PROBLEM REQUIREMENTS: For this exercise, return all the data word for word, with images left out.

DATA EXTRACT:

▼▼▼

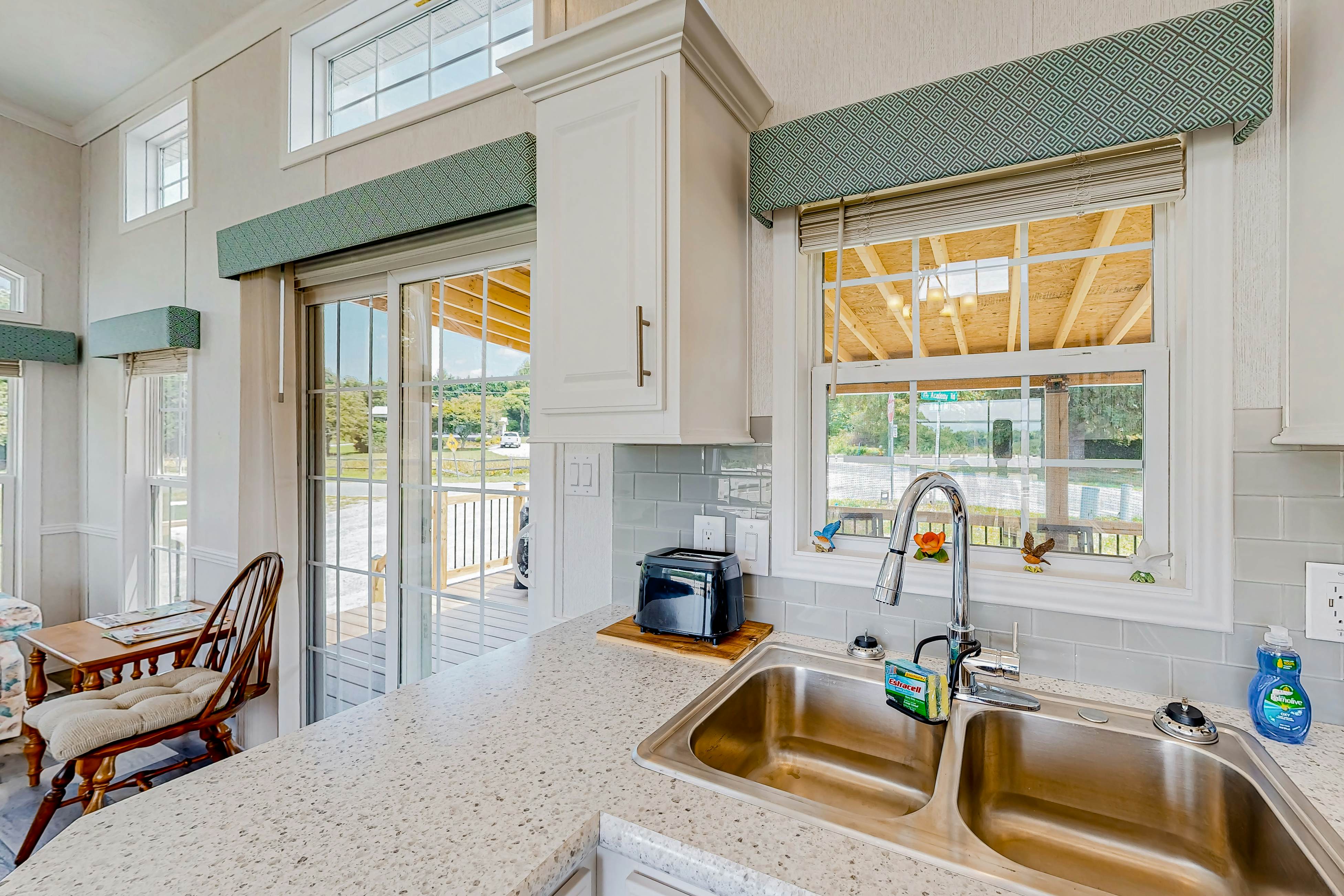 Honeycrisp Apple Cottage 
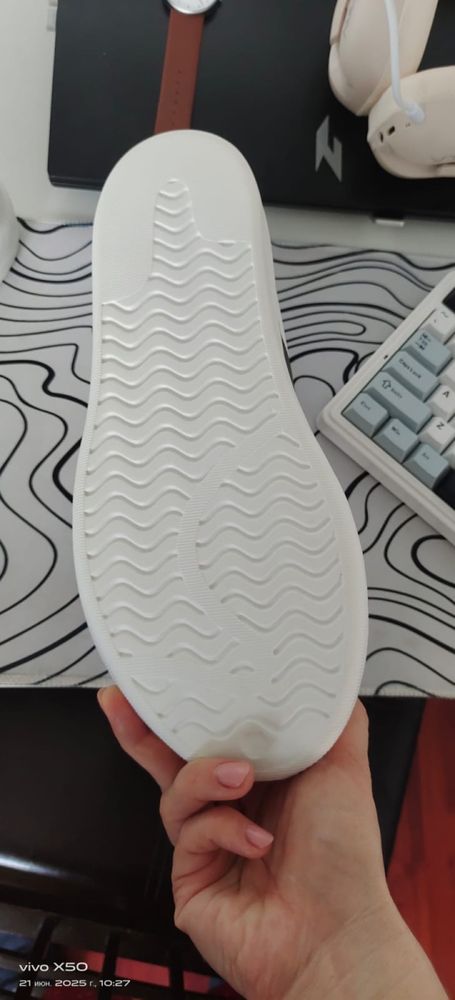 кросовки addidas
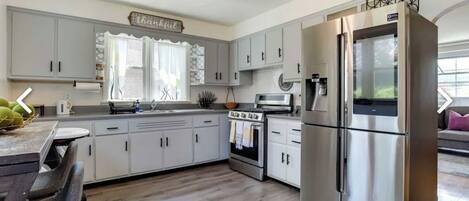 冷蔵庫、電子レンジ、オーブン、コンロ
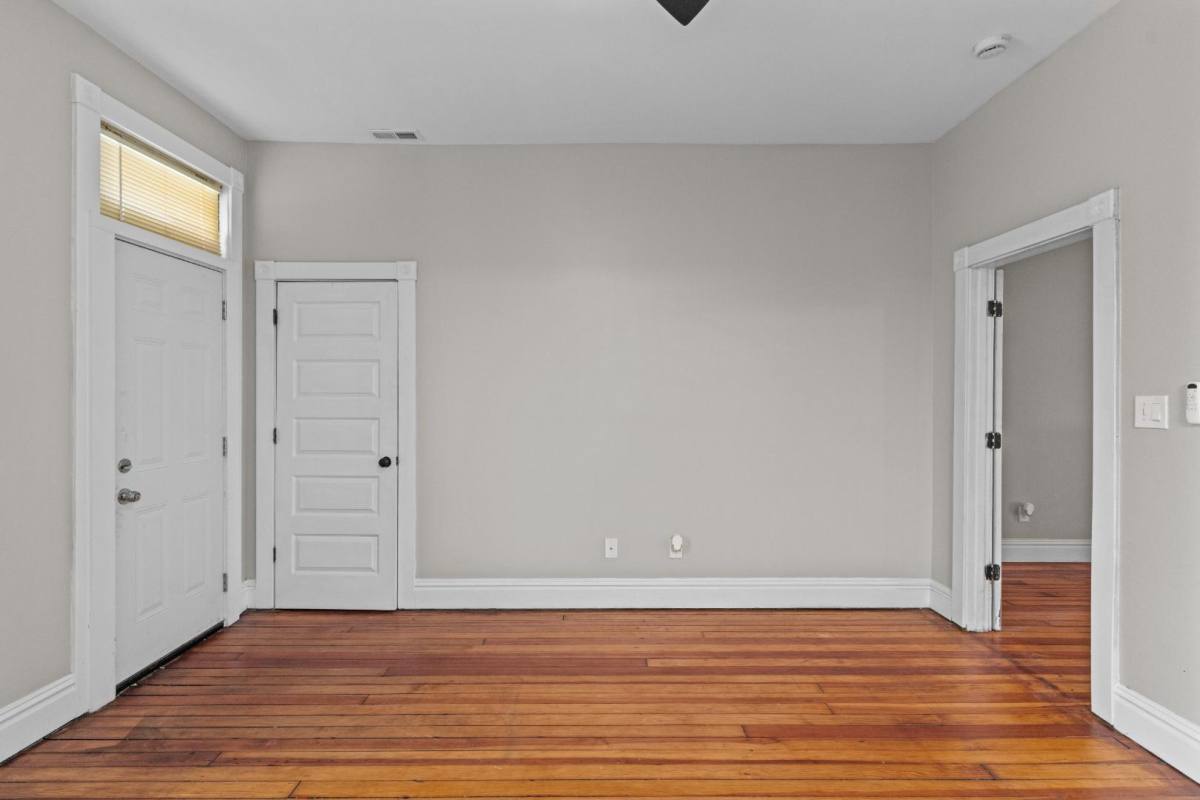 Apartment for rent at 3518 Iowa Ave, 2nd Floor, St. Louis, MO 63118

▲▲▲

TASK RESULT:
 Honeycrisp Apple Cottage 
 кросовки addidas
 冷蔵庫、電子レンジ、オーブン、コンロ
 Apartment for rent at 3518 Iowa Ave, 2nd Floor, St. Louis, MO 63118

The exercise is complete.